L’information n’a pas laissé indifférents les tout premiers bénéficiaires de cet établissement scolaire qui a fait ses preuves pendant quasiment douze ans, dans l’enseignement de qualité en RDC. Il s’agit des élèves de l’école SAFAK et leurs parents, mais aussi, les enseignants et tous les employés congolais qui travaillent depuis douze ans dans ce prestigieux établissement scolaire.

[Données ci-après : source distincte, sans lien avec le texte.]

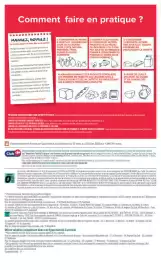 Catalogue Carrefour | LE MOIS MONOPOLY PRODUITS LAITIERS page 72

Selon l’Agence congolaise de presse (ACP) et la télévision nationale congolaise (RTNC), deux médias publics en RDC qui ont diffusé l’information, un protocole d’accord de partenariat scolaire a été signé, le 20 juillet 2018 en Turquie, entre le ministre congolais de l’Enseignement primaire, secondaire et professionnel (EPSP), Gaston Musemena et la « Fondation Maarif », une Ong proche du gouvernement turc de l’obédience de l’actuel président Recep Tayyip Erdogan.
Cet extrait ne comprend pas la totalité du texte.